Comment on Should I stick with Docker Swarm for self-hosting?
emhl@feddit.org 4 months ago
What are your reasons for using docker swarm instead normal docker if you don’t want to do replication?
Comment on Should I stick with Docker Swarm for self-hosting?
emhl@feddit.org 4 months ago
What are your reasons for using docker swarm instead normal docker if you don’t want to do replication?
UncommonBagOfLoot@lemmy.world 4 months ago
To use Docker secrets so that the secrets are encrypted on the host. Using Docker Swarm was the path of least resistance to set up my system monitoring stack.
Docker Compose can use secrets without Swarm, but my understanding is that the those are in plaintext on the host.
i_am_not_a_robot@discuss.tchncs.de 4 months ago
Docker Swarm encryption doesn’t work for your use case. The documentation says that the secret is stored encrypted but can be decrypted by the swarm manager nodes and nodes running services that use the service, which both apply to your single node. If you’re not having to unlock Docker Compose on startup, that means that the encrypted value and the decryption key live next to each other on the same computer and anyone who has access to the encrypted secrets can also decrypt them.
Lem453@lemmy.ca 4 months ago
When I was starting out I almost went down the same pathway. In the send, docker secrets are mainly useful when the same key needs to be distributed around multiple nodes.
Storing the keys locally in an env file that is only accessible to the docker user is close enough to the same thing for home use and greatly simplifies your setup.
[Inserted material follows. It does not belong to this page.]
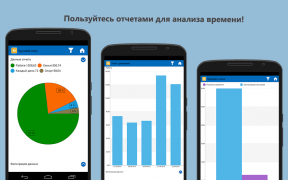 TimeStats Pomodoro Planner - универсално приложение за управление на времето и проект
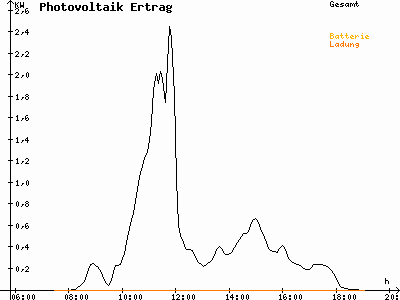 Grafik 2020-09-30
I would suggest using a folder for each stack that contains 1 docker compose file and one env file. The env file contains passwords, the rest of the env variables are defined in the docker compose itself. Exclude the env files from your git repo (if you use this for version control) so you never check in a secret to your git repo
I do this all via portainer. Each stack is a compose file that portainer pulls from my self hosted gitea (on another machine). Portainer creates an env file itself when you add the env variables from the gui.
If someone gets access to your system and is able to access the env file, they already have high level access and your system is compromised regardless of if you have the secrets encrypted via swarm or not.